#### YOUR ASSIGNMENT
Among the lines below, a stretch begins at the one with "MH-53E Sea Dragon" and ends at the one with "Large assortment of train pieces and parts". Repeat that stretch exactly, ends included.

#### STORED DATA

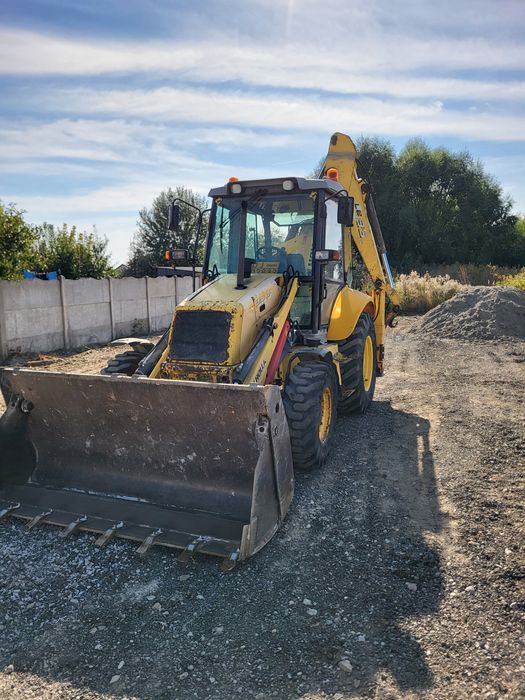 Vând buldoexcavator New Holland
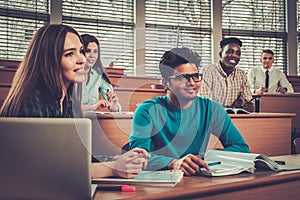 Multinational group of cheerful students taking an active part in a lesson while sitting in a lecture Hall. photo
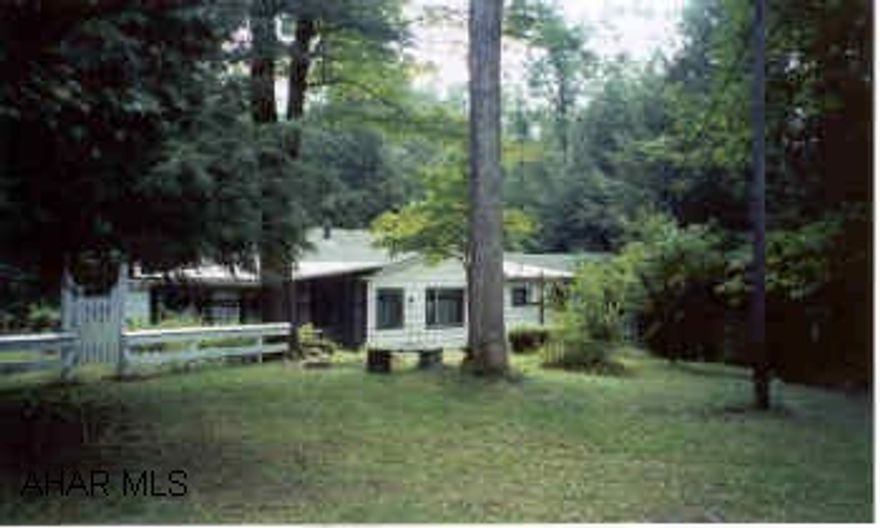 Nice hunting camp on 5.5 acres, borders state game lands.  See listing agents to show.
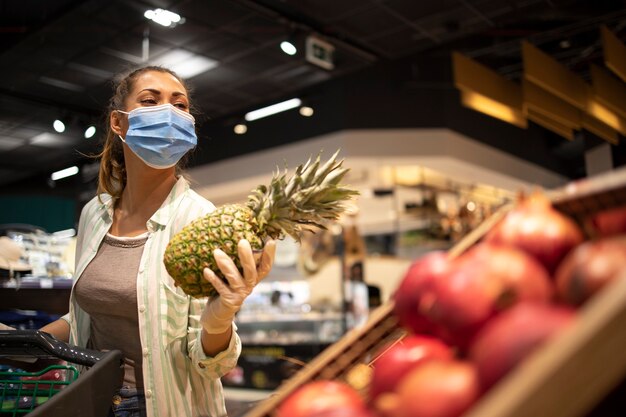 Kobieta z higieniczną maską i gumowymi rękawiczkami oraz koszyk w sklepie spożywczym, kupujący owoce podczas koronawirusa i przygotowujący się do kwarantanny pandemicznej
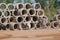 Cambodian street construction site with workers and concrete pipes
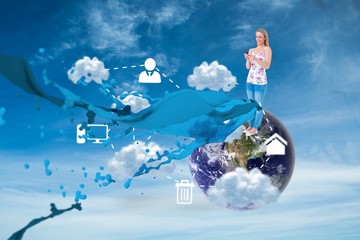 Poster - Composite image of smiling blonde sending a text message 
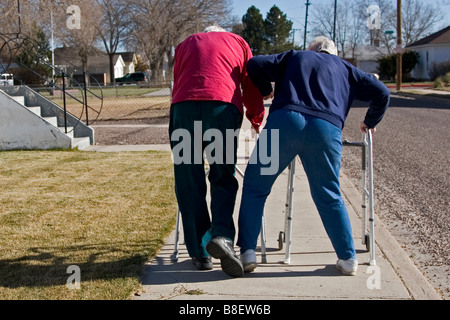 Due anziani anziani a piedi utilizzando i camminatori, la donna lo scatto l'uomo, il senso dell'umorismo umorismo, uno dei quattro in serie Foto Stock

...

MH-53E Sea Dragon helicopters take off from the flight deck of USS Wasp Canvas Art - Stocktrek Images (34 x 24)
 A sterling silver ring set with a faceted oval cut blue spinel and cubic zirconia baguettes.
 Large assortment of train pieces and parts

#### REPLY TO THE EXERCISE
MH-53E Sea Dragon helicopters take off from the flight deck of USS Wasp Canvas Art - Stocktrek Images (34 x 24)
 A sterling silver ring set with a faceted oval cut blue spinel and cubic zirconia baguettes.
 Large assortment of train pieces and parts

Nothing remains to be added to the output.